The Python SDK includes a class for parsing the POST content into a convenient object,
called InboundEmailMessage (in the google.appengine.api.mail package). It takes the
multipart MIME data (the POST body) as an argument to its constructor. Here’s an
example using the webapp framework:
     from google.appengine.api import mail
     from google.appengine.ext import webapp
     from google.appengine.ext.webapp.util import run_wsgi_app

     class IncomingMailHandler(webapp.RequestHandler):
         def post(self):
             message = mail.InboundEmailMessage(self.request.body)
             # sender = message.sender
             # recipients = message.to
             # body = list(message.bodies(content_type='text/plain'))[0]
             # ...

     application = webapp.WSGIApplication([('/_ah/mail/.+', IncomingMailHandler)],
                                          debug=True)



264 | Chapter 11: Sending and Receiving Mail and Instant Messages
def main():
          run_wsgi_app(application)

      if __name__ == '__main__':
          main()

The InboundEmailMessage object includes attributes for the fields of the message, similar
to EmailMessage. sender is the sender’s email address, possibly with a displayable name
in the standard format (Mr.
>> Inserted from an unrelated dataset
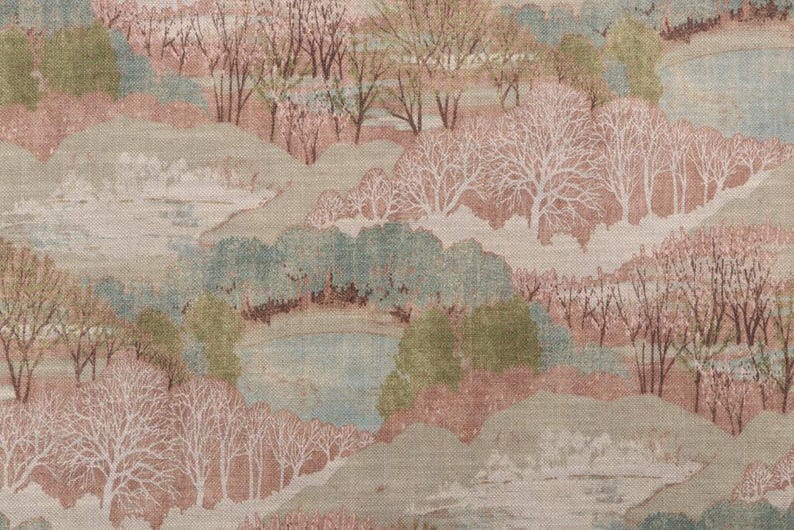 Close-up of the pastel landscape linen fabric featuring delicate trees, rolling hills, and soft blush pink, sage green, cream, and blue tones.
Sender <sender@example.com>). to is a list of primary
recipient addresses, and cc is a list of secondary recipients. (There is no bcc on an
incoming message, because blind-carbon-copied recipients are not included in the
message content.) subject is the message’s subject.
The InboundEmailMessage object may have more than one message body: an HTML
body and a plain-text body. You can iterate over the MIME multipart parts of the types
text/html and text/plain using the bodies() method. Without arguments, this method
returns an iterator that returns the HTML parts first, then the plain-text parts. You can
limit the parts returned to just the HTML or plain-text parts by setting the
content_type parameter. For example, to get just the plain-text bodies:
      for text_body in message.bodies(content_type='text/plain'):
          # ...

In the example earlier, we extracted the first plain-text body by passing the iterator to
the list() type, then indexing its first argument (which assumes one exists):
      text = list(message.bodies(content_type='text/plain'))[0]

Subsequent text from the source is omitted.